= Beginning of Section =

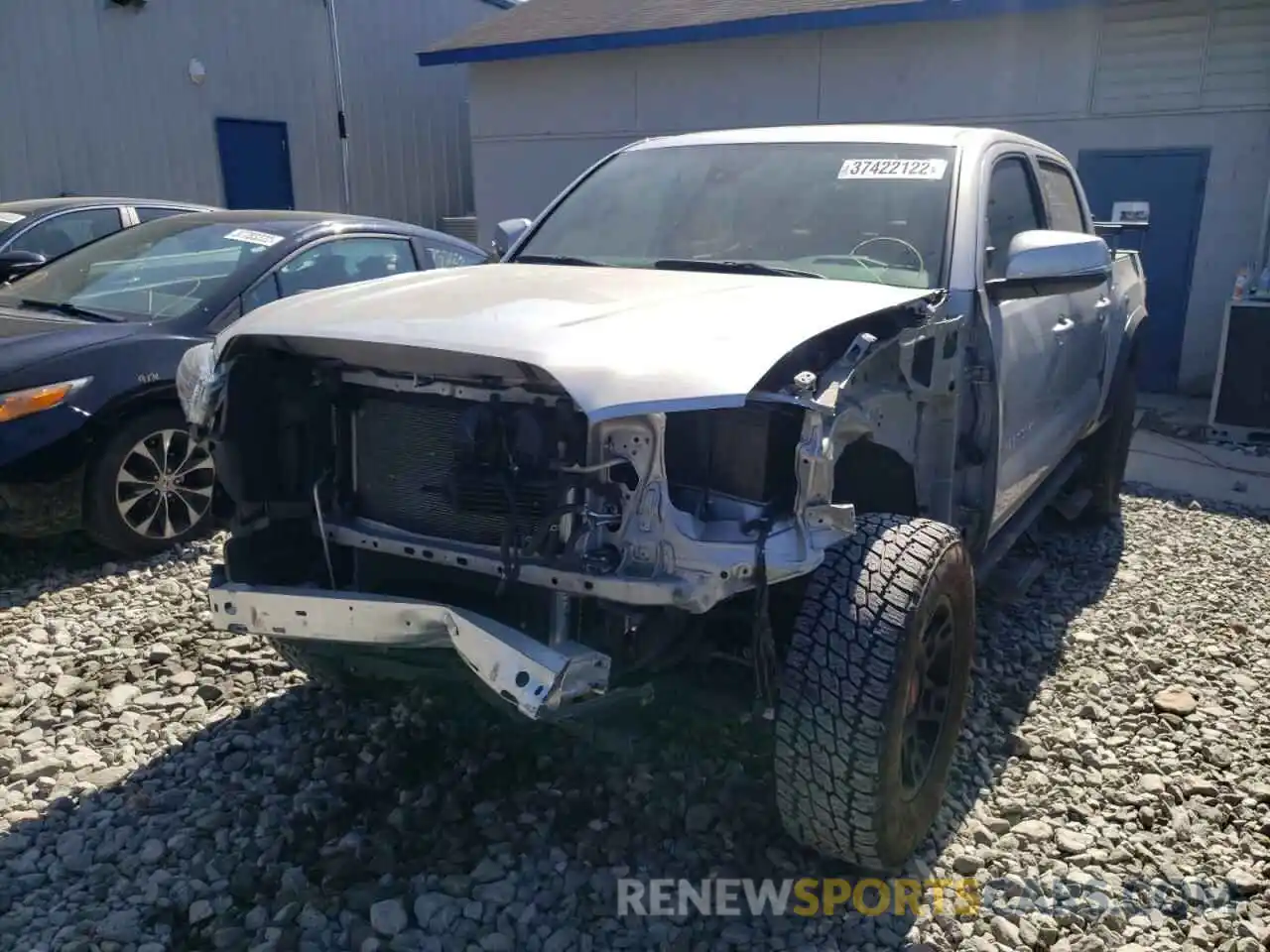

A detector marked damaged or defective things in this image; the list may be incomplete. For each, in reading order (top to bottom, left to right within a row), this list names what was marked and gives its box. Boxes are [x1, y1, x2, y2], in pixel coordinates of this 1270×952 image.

crumpled hood [218, 262, 933, 422]
damaged silver truck [177, 124, 1143, 869]
missing front bumper [208, 563, 615, 714]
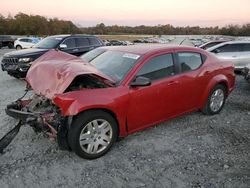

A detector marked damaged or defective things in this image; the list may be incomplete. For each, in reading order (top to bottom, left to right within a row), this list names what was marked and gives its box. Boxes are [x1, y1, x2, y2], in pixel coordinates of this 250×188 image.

crumpled hood [25, 49, 115, 99]
damaged red car [4, 45, 235, 159]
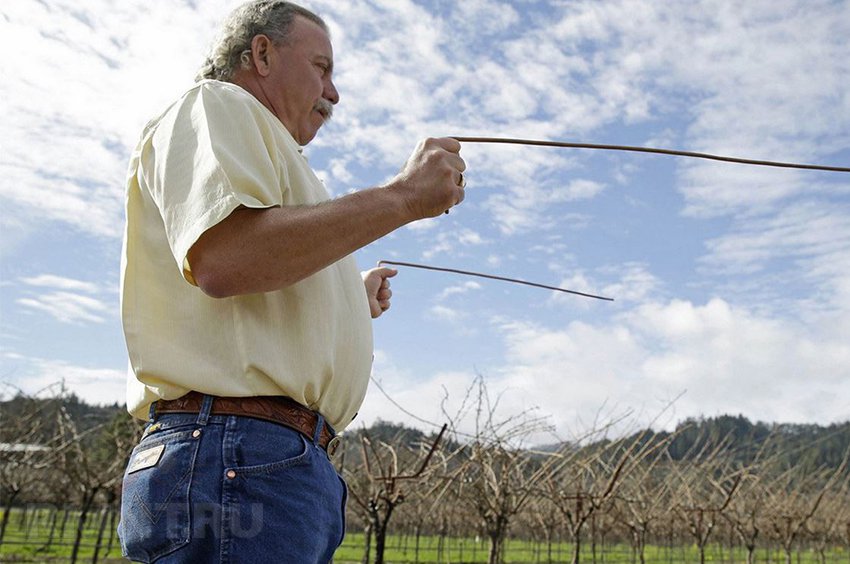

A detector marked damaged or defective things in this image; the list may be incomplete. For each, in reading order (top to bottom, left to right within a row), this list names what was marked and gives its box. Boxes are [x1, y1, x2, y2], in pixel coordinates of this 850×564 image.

bent metal rod [376, 260, 608, 302]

= End of Section =

- _EXERCISE OBJECTIVE_:
Your reply should be nothing but the lines from the one containing "this 850×564 image." through the last line above, copied exactly; please include both ends.

- _RESPONSE TO THIS EXERCISE_:
A detector marked damaged or defective things in this image; the list may be incomplete. For each, in reading order (top to bottom, left to right within a row), this list names what was marked and gives its box. Boxes are [x1, y1, x2, y2], in pixel coordinates of this 850×564 image.

bent metal rod [376, 260, 608, 302]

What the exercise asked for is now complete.